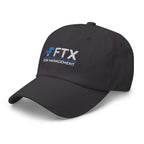 FTX Risk Cap - insiderclo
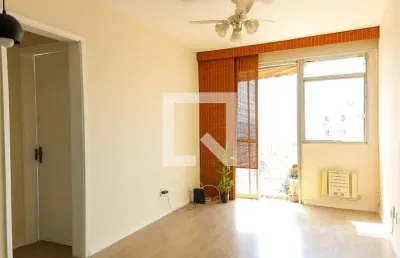 Apartamento para aluguel - méier, 2 quartos,  68 m² - rio de janeiro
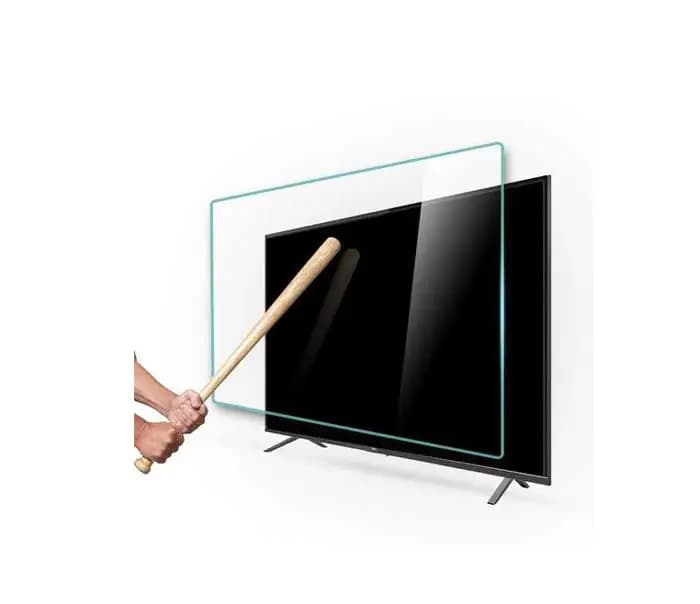 محافظ صفحه ال ای دی - (LED Protector - (43Inch | آرکا 90 — تصویر ۲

▶ EXERCISE
Because the copy must hold no pictures, return only the lines that run from the line containing "Apartamento para aluguel" to the end of the data above, each exactly as it stands.

▶ RESULT
 Apartamento para aluguel - méier, 2 quartos,  68 m² - rio de janeiro
 محافظ صفحه ال ای دی - (LED Protector - (43Inch | آرکا 90 — تصویر ۲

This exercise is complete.